PSP Board Approves Dividend of 0.08 Baht per Share Based on Record-High 2025 Performance | P.S.P. Specialties

PSP Board Approves Dividend of 0.08 Baht per Share Based on Record-High 2025 Performance

The Board of Directors of P.S.P. Specialties Public Company Limited (PSP), the leading lubricant solutions partner, approved the payment of an interim dividend of 0.08 baht per share to shareholders, with payment set for October 20, 2025, reflecting the company’s continued growth. The company noted that the overall lubricant market offers opportunities for expansion through rising orders from existing and new customers, as well as from the relocation of global supply chains, and reaffirmed its strategy to aggressively expand markets, especially overseas.

Mr. Sakesan Krongphanich, Deputy CEO of P.S.P. Specialties Public Company Limited (PSP), revealed that due to PSP’s continuous business growth in 2024 and the first half of 2025, the Board of Directors resolved to pay an interim dividend to shareholders at the rate of 0.08 baht per share, with the payment scheduled for October 20, 2025. The record date to determine the list of shareholders entitled to receive the dividend will be October 6, 2025.

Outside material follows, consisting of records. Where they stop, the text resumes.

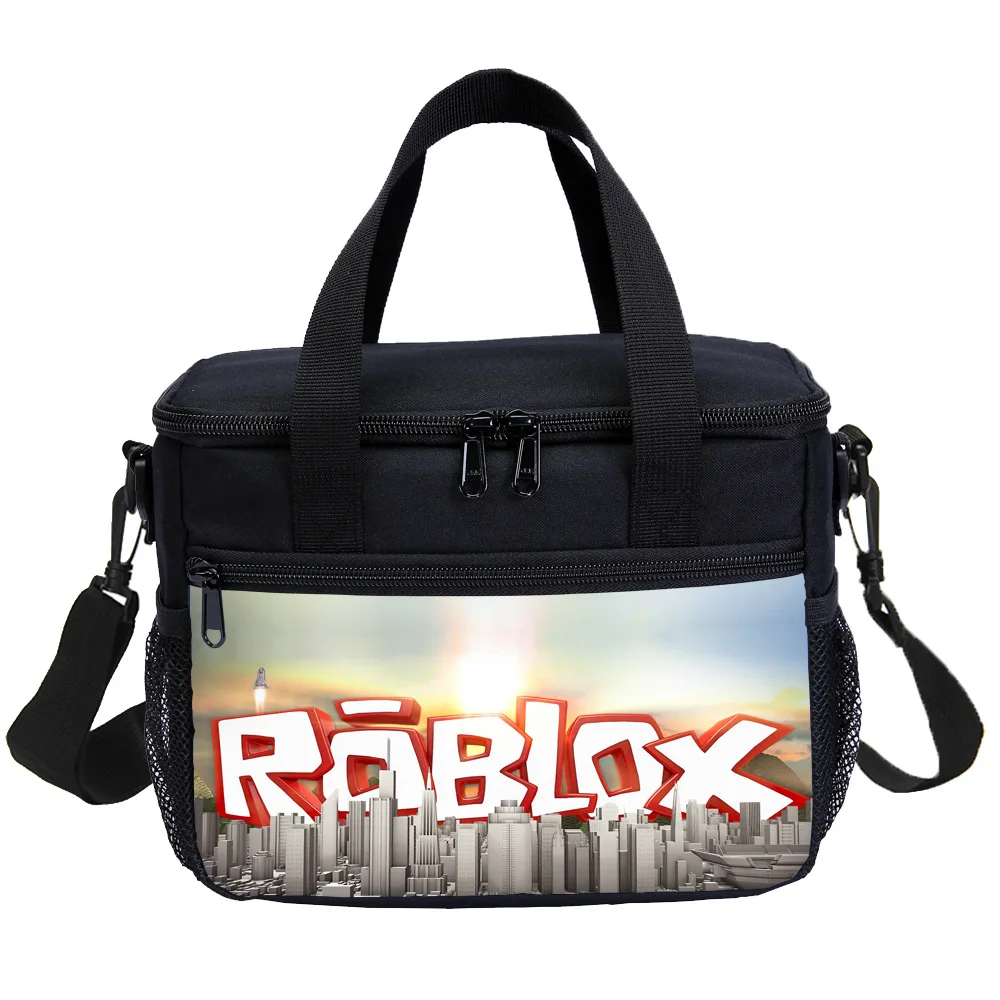F Roblox игровой дизайн Ланч-бокс сумка для ланча для женщин и детей Водонепроницаемая портативная изолированная сумка для ланча сумка для еды сумка для пикника - Цвет: F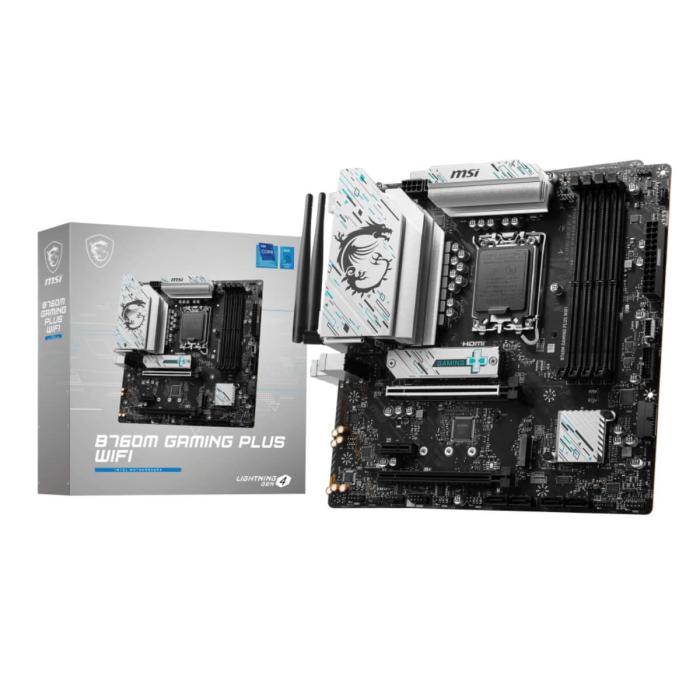 TARJETA MADRE MSI B760M GAMING PLUS WIFI LGA1700 MATX DDR5 911-7D99-032
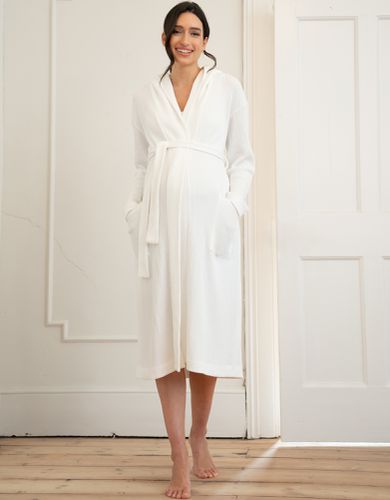 Robe de chambre gaufrée à capuche en coton - Seraphine - Modalova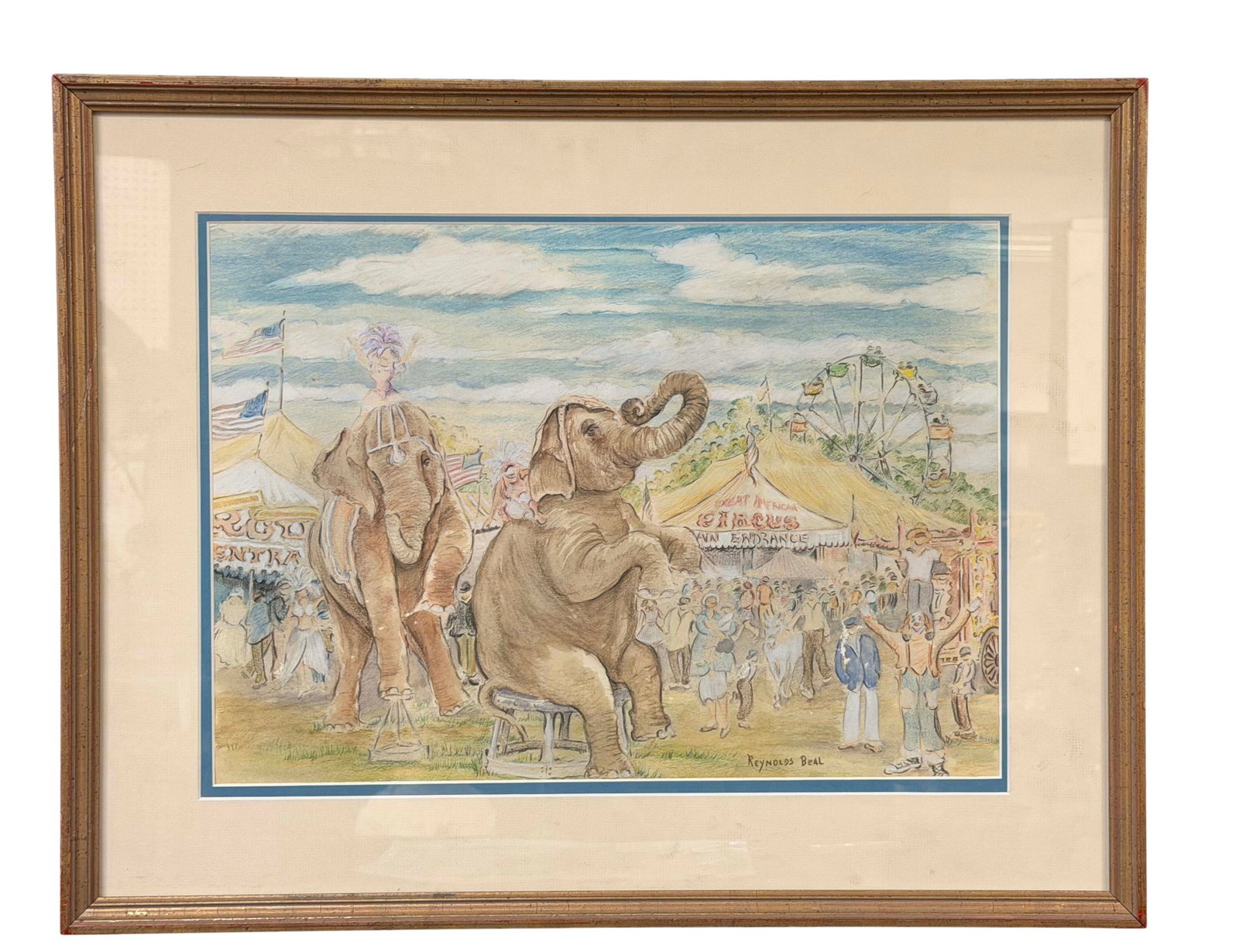 WATER COLOR BY REYNOLDS BEAL "CIRCUS ELEPHANTS" 13" X 18" (1 of 4)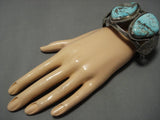 Heavy Vintage Native American Jewelry Navajo Natural Fox Turquoise Sterling Silver Bracelet-Nativo Arts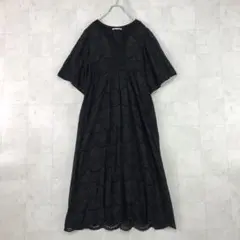 未使用品】ヌキテコットンボイルドットへムラドレス ブラック - メルカリ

“Since PSP was listed on the Stock Exchange of Thailand (SET) on August 30, 2023, we have continuously paid dividends from retained earnings twice a year. The first dividend was paid to shareholders on May 20, 2024, at the rate of 0.15 baht per share, followed by an interim dividend in the same year on October 25, 2024, at the rate of 0.05 baht per share. In 2025, PSP paid a dividend on May 16, 2025, at the rate of 0.15 baht per share, before the latest board resolution approved an interim dividend of 0.08 baht per share,” said Mr. Sakesan.

Given the favorable lubricant market conditions that provide opportunities for growth, in 2025 PSP is implementing strategies to maintain its market leadership by strengthening the domestic market through increasing sales from existing customers and expanding to new ones. At the same time, the company is accelerating the proportion of revenue from international sales by retaining its existing customer base while entering new markets, with the goal of significantly increasing foreign revenue contribution. PSP also views the global relocation of supply chains as a key opportunity to boost sales and revenue in the medium to long term.

PSP has a policy to pay dividends at a rate of not less than 35% of net profit from the separate financial statements after deducting corporate income tax and all types of legal reserves as required by applicable laws and the company’s regulations. However, the company may consider determining dividend payments and payout ratios differently, taking into account operating performance, cash flow, financial liquidity, financial position, investment plans, the need for working capital to manage and expand the business, economic conditions, debt repayment plans, and other factors deemed appropriate by the Board of Directors. Dividend payments may therefore be subject to change, depending on necessity and suitability as determined by the Board. Annual dividend payments must be approved by the shareholders’ meeting, while interim dividend payments can be approved by the Board from time to time when it deems the company has sufficient profit, with such payments to be reported to shareholders at the next meeting.